Gericht gewährt Einblick in die Wirecard-Vernehmungsprotokolle
„Ab 2018 ist das aus dem Ruder geraten“
Wirecard-Kronzeuge belastet Markus Braun und Ex-CFO
Von Stefan Kroneck, München
Der Strafprozess im Wirecard-Betrugsskandal vor dem Landgericht München läuft schon fast ein Jahr. In der Verhandlung vom 30. November brachte ein vom vorsitzenden Richter abgespielter Tonmitschnitt aus dem Jahr 2020 zum Verhör des Kronzeugen Oliver Bellenhaus durch die Staatsanwaltschaft neue Details an die Öffentlichkeit.
Darin belastet der Ex-Konzernstatthalter in Dubai den Hauptangeklagten, Ex-CEO Markus Braun, sowie den mitangeklagten ehemaligen Konzernchefbuchhalter, Stephan von Erffa, schwer. Auch die Rollen des flüchtigen Ex-Vorstands Jan Marsalek und des früheren CFO Alexander von Knoop werden durchleuchtet.
Ab wann bei Wirecard alles aus dem Ruder lief
In seiner Befragung durch die Strafkammer bestätigte ein ehemaliger Ermittlungsbeamter die Aussagen von Bellenhaus während dieses Verhörs nach dem Zusammenbruch von Wirecard im Juni 2020. „Ab 2018 ist alles aus dem Ruder geraten“, sagte der Kronzeuge seinerzeit. Er meinte die wachsende Dimension des Drittpartnergeschäfts (TPA), welches sich als Luftschloss herausstellte.
Bellenhaus berichtete von übernommenen Händlerportfolios und von Zukäufen in Indien und auf den Philippinen. Diese Aktivitäten hätten dazu gedient, TPA aufzublähen. Die Firmenübernahmen basierten auf einem „Sparbuch-Modell“. Den Zielobjekten verkaufte Wirecard vor Abschluss des Erwerbs Software zu deutlich überhöhten Preisen.
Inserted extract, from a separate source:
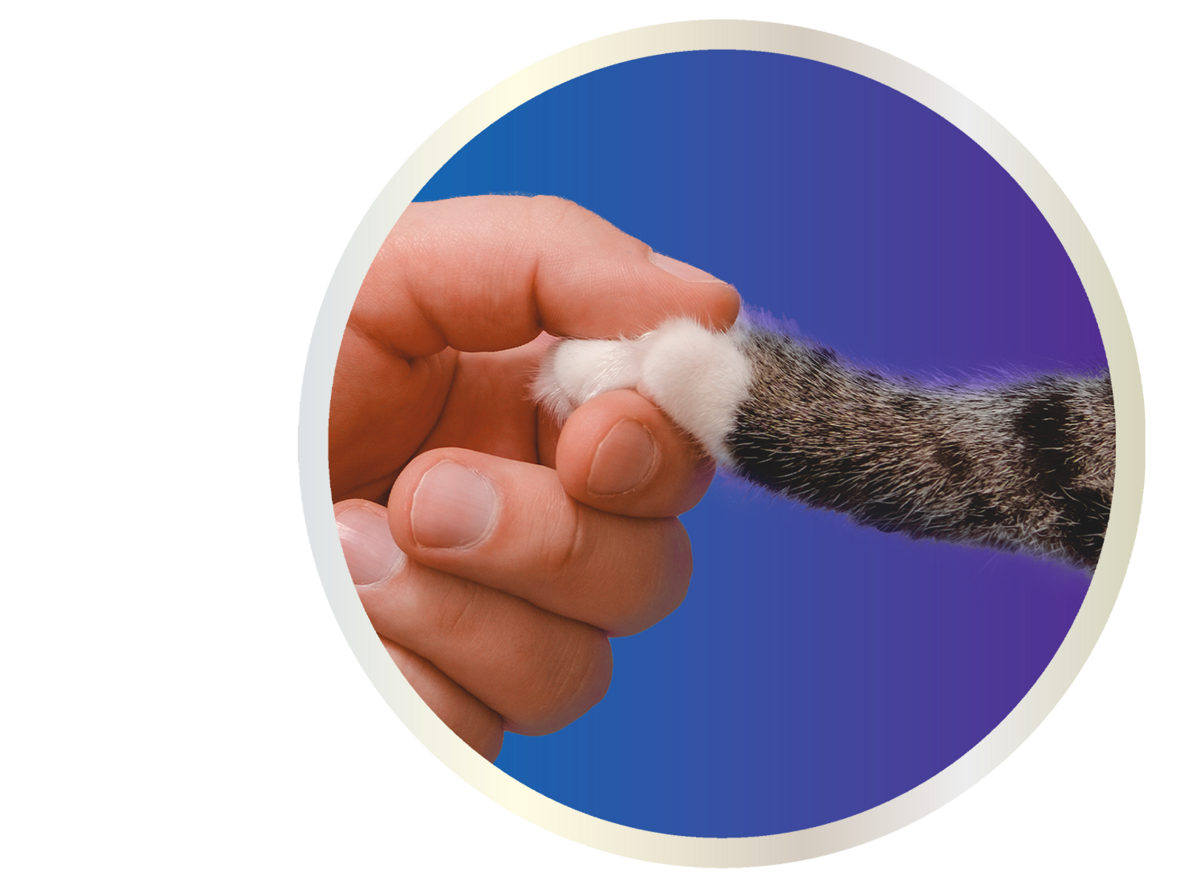 Tidy Care Alert Cat Litter Purina US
Diese IT floss in die Unternehmensbewertung mit ein.
Die kreditgebenden Banken, die die Übernahmen mit Darlehen an Wirecard vorfinanzierten, mussten dadurch mehr Fremdkapital zur Verfügung stellen, als eigentlich nötig gewesen wäre. Die Kaufsumme überstieg somit deutlich den Firmenwert. „Die Kreditlinie aus M&A hat man konvertiert in TPA.“ Wirecard habe zudem versucht, die TPA-Kundenbasis zu erweitern. „Die Kunden kamen von Marsalek“, schilderte Bellenhaus mit Verweis auf Händlerportfolios, für die Millionen ausgegeben worden seien. Das diente dazu, Brauns Finanzvorgaben zu erfüllen.
Kronzeuge Bellenhaus wollte kündigen
Im Frühjahr 2019 wollte Bellenhaus nach eigenen Angaben kündigen. Darüber informierte er Braun, Marsalek und Erffa. Das Trio konnte ihn davon abhalten. Erffa drohte seinerzeit damit, ebenfalls zu kündigen, sollte Bellenhaus gehen. Der Kronzeuge fühlte sich in dem System so gefangen, dass selbst eine Kündigung als Ausweg nicht mehr gereicht hätte.
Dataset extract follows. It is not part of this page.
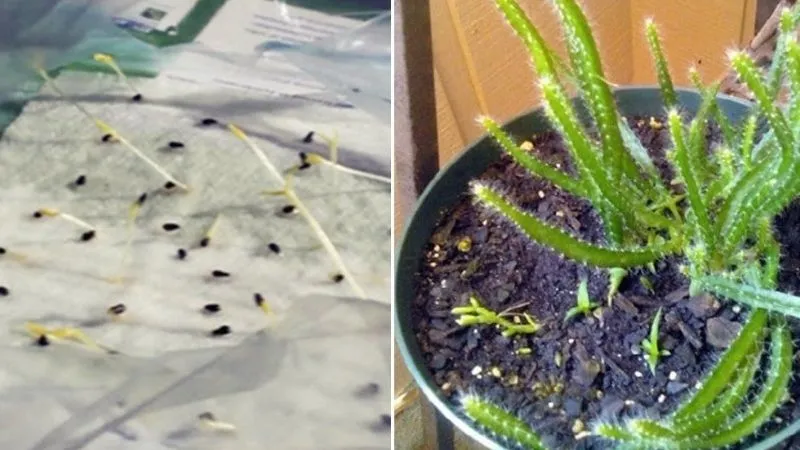 Kỹ thuật cắt tỉa cành thanh long đúng cách giúp cây phát triển khỏe mạnh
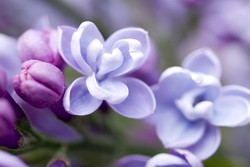 丁香花下，情愫悄然绽放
Dem Zeugen zufolge reagierte Bellenhaus damals überrascht auf den Hinweis der Ermittler, dass Erffa für seine Tätigkeit ein Jahressalär von 700.000 Euro bezogen habe. Laut Bellenhaus war Knoop ein Mitwisser. „Ja, er war nicht aktiv beteiligt, aber er wusste was.“ Die Staatsanwaltschaft führt ihn als Beschuldigten. Das Gericht lud den Ex-CFO im Oktober in den Zeugenstand. Er erschien aber nicht. Knoop verwies auf sein Aussageverweigerungsrecht. Er führte das Ressort von 2018 bis zur Insolvenz.